**** Source data ****
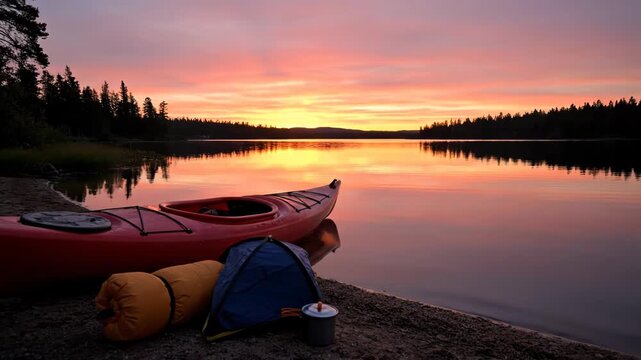 A red kayak and camping gear rest by a tranquil lake at sunset. Vibrant sky colors reflect beautifully on the calm water and surrounding forest.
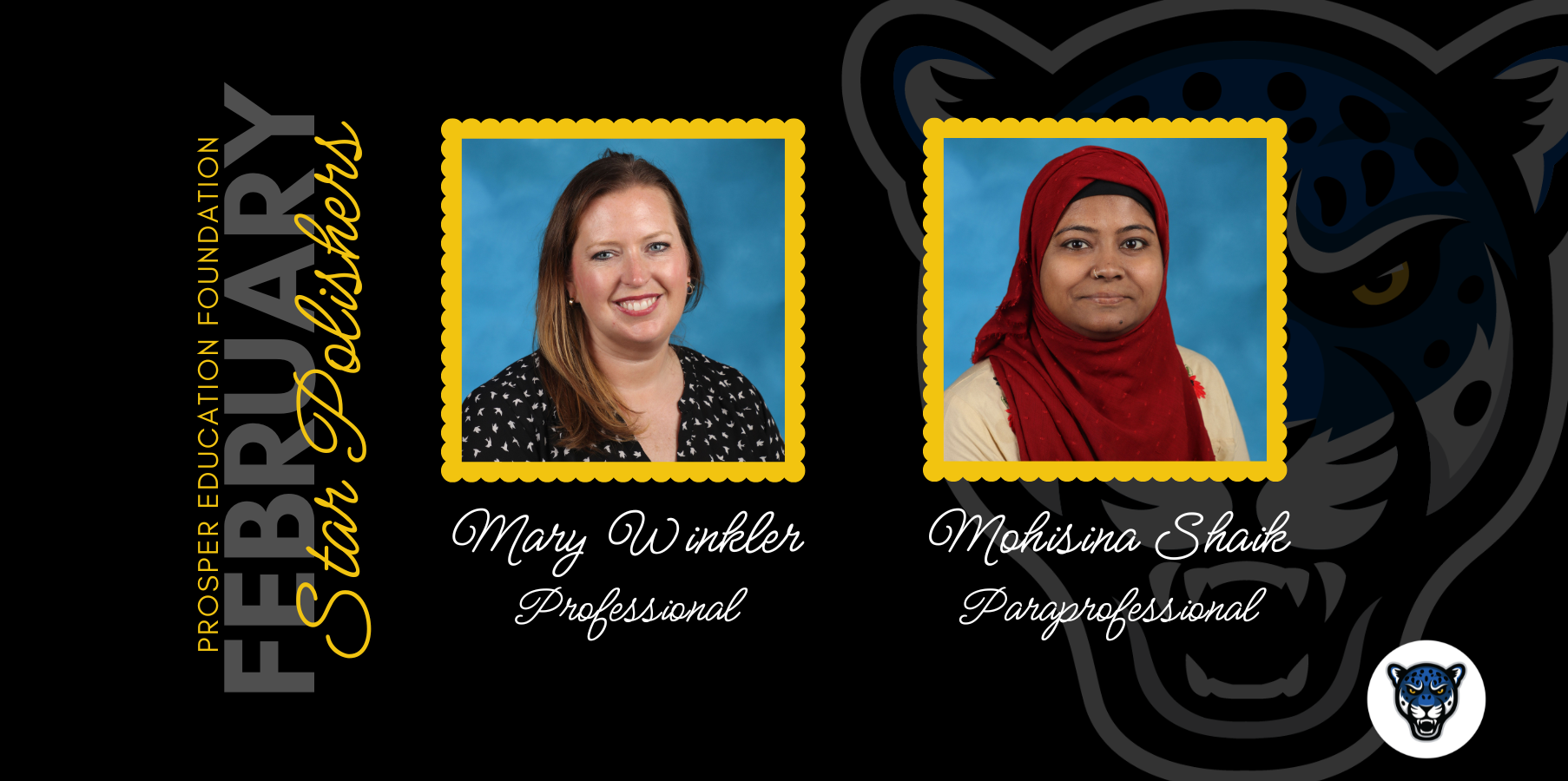 February Star Polishers: Mary Winkler, Professional; Mohisina Shaik, Paraprofessional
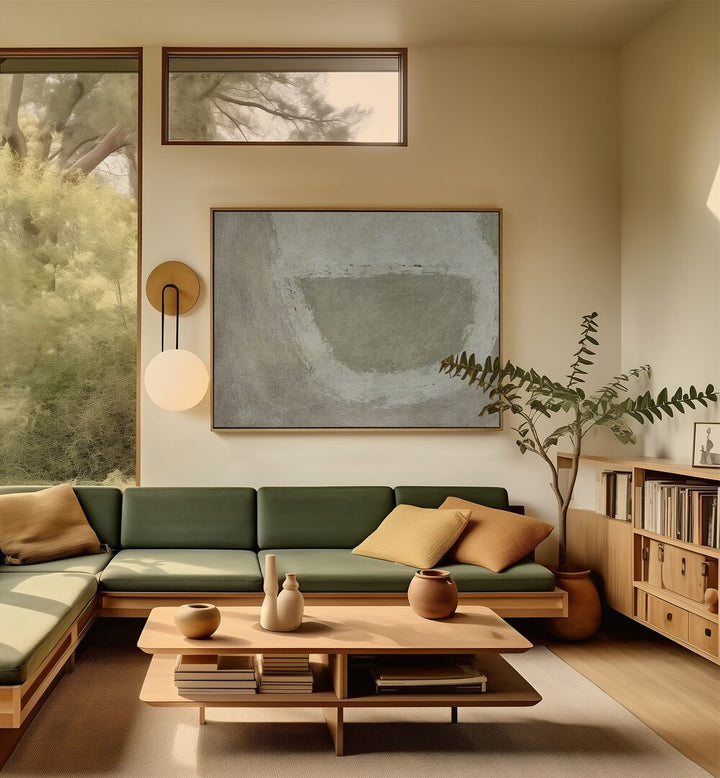 Serene living space featuring NEUTRAL CALM, ABSTRACT PAINTINGS, perfect for modern home decor and tranquility.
****
What needs to be done:
Excluding the images, copy all of the material above verbatim.

Answer to this exercise:
 A red kayak and camping gear rest by a tranquil lake at sunset. Vibrant sky colors reflect beautifully on the calm water and surrounding forest.
 February Star Polishers: Mary Winkler, Professional; Mohisina Shaik, Paraprofessional
 Serene living space featuring NEUTRAL CALM, ABSTRACT PAINTINGS, perfect for modern home decor and tranquility.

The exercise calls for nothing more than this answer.